# Stationary timeseries

## Setup

In [None]:
import numpy as np
import pandas as pd
import warnings
import matplotlib.pyplot as plt
from matplotlib import rcParams

%matplotlib inline
plt.style.use('fivethirtyeight')
rcParams['axes.labelsize'] = 14
rcParams['xtick.labelsize'] = 12
rcParams['ytick.labelsize'] = 12
rcParams['text.color'] = 'G'
rcParams['figure.figsize'] = 16,8

warnings.filterwarnings('ignore')

In [None]:
def plot(ts, stat=False):
    plt.plot(x, ts)
    if stat:
        plt.plot(x,pd.Series(ts).rolling(25).mean(), '--o', linewidth=2)
        plt.plot(x,pd.Series(ts).rolling(25).std(), '--r', linewidth=3)
        plt.plot(x,-pd.Series(ts).rolling(25).std(), '--r', linewidth=3)
    plt.show()

## Creating an artifical timeseries
We create different components and add them up:

- a trend: logarithmic
- noise: gaussian distributed
- seasonality: sinoid

In [None]:
x = np.arange(400)
ts = np.random.normal(loc=0, scale=.5, size=x.shape)
trend = np.log(x/100)
trend[0] = 0
seasonality = np.sin(x/10)

# Types of stationary

### strict stationary
Mean, variance & covariance are independent from time (not a function of _t_). Most outlier detections mathematically require this!

In [None]:
plot(ts)

### trend stationary
A timeseries with a **time-dependent mean** is considered to be trend stationary, that means the absence of a unit root. Therefore, KPSS tests for trend stationary.

In [None]:
plot(ts + trend)

### difference stationary
If a timeserience can be made strict stationary by differencing, it is called difference stationary. ADF tests for this property.

In [None]:
plot(ts+seasonality)

# 1. Augmented-Dickey-Fuller Test (ADF)

## Theory
If the test statistic is less than the critical value, we can reject the null hypothesis 
=> 
The series is difference stationary! Use **differencing to make series stationary**.

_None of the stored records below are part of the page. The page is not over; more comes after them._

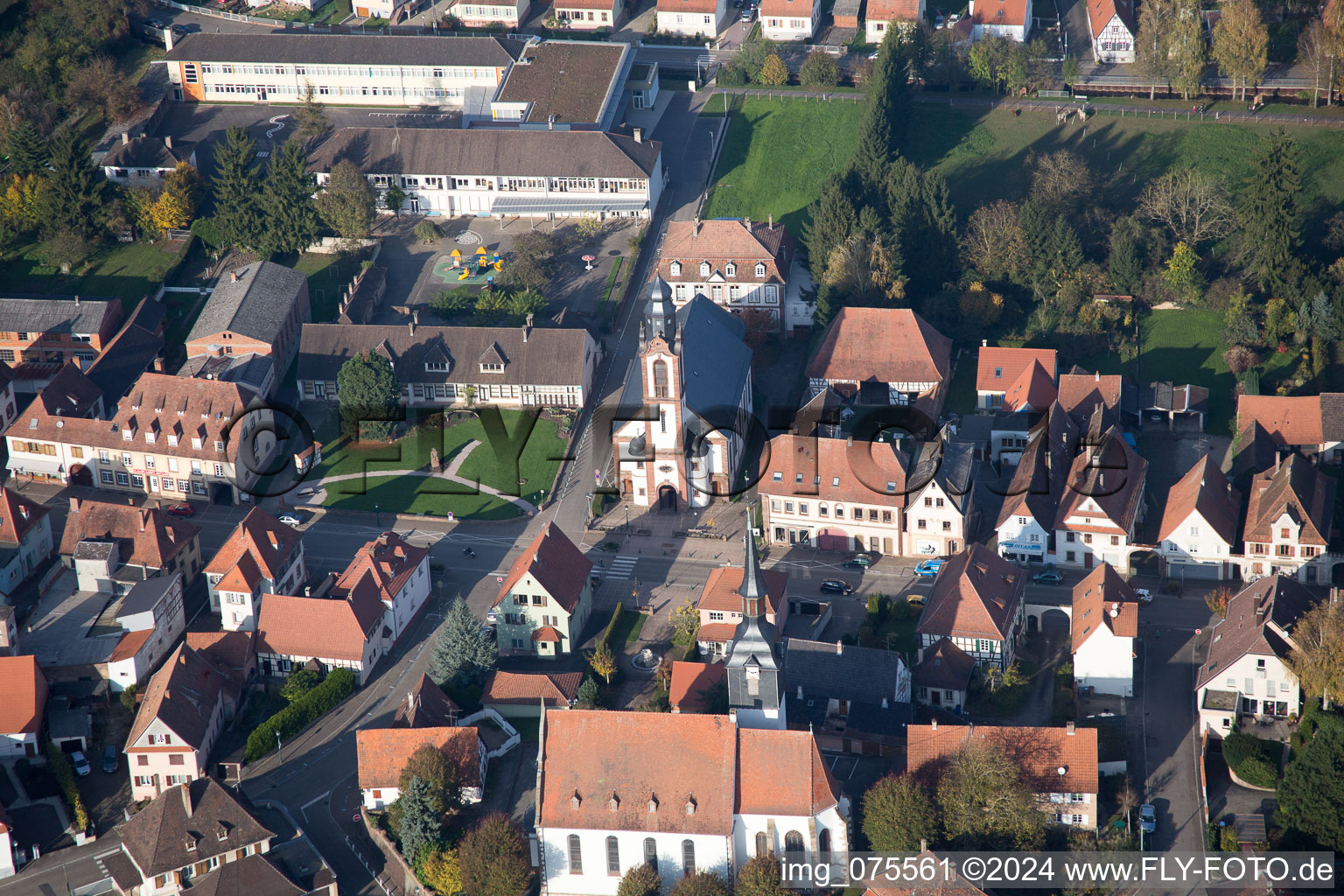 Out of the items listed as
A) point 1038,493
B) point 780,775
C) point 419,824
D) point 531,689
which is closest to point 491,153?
point 1038,493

**Null Hypothesis**: The series has a unit root (value of a =1)

**Alternate Hypothesis:** The series has no unit root.

Further Resources:
- [Statistical Background](https://en.wikipedia.org/wiki/Augmented_Dickey%E2%80%93Fuller_test)
- [Python usage](https://www.statsmodels.org/stable/generated/statsmodels.tsa.stattools.adfuller.html)
- [R usage](https://www.rdocumentation.org/packages/aTSA/versions/3.1.2/topics/adf.test)

## Code

In [None]:
from statsmodels.tsa.stattools import adfuller

adfuller((ts+trend), autolag='AIC')

# 2. Kwiatkowski-Phillips-Schmidt-Shin Test (KPSS)

## Theory
The null and alternate hypothesis for the KPSS test are opposite that of the ADF test, which often creates confusion.

If the test statistic is less than the critical value, we fail to reject the null hypothesis (series is stationary).
=> 
The series is difference stationary! Use **differencing to make series stationary**.

**Null Hypothesis**: The process is trend stationary.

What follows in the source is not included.